__DESCRIPTION OF THE TASK__: The entries below hold a line with "Young Woman Smearing" and a line with "Two young individuals". Return those lines and all that lie between them, exactly and only.

__STORED DATA__:
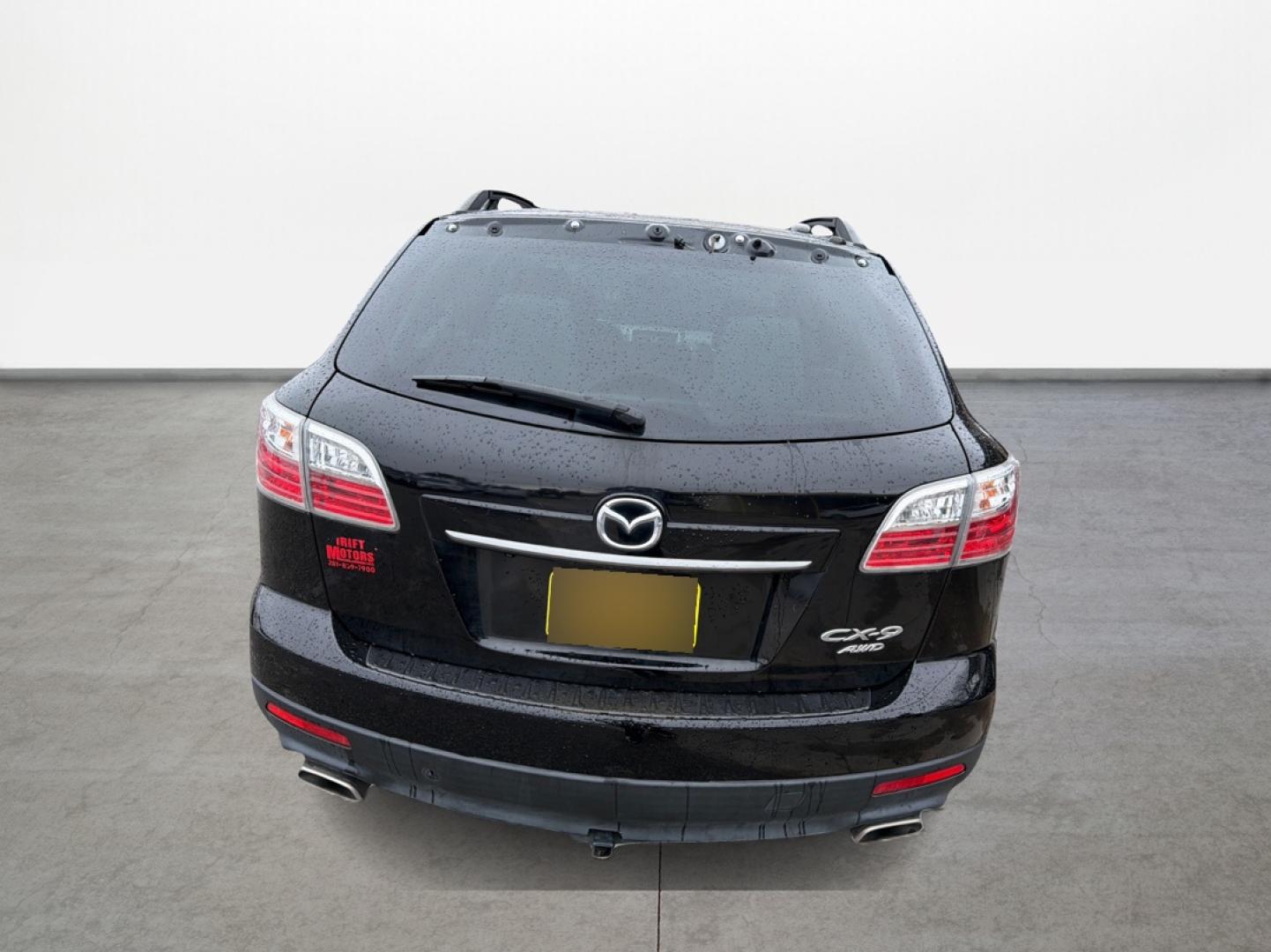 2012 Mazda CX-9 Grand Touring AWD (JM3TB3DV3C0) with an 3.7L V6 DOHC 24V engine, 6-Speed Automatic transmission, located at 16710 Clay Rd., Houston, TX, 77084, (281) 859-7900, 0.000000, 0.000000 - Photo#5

* * *

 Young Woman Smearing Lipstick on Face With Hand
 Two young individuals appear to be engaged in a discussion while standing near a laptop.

__WRITTEN REPLY__:
 Young Woman Smearing Lipstick on Face With Hand
 Two young individuals appear to be engaged in a discussion while standing near a laptop.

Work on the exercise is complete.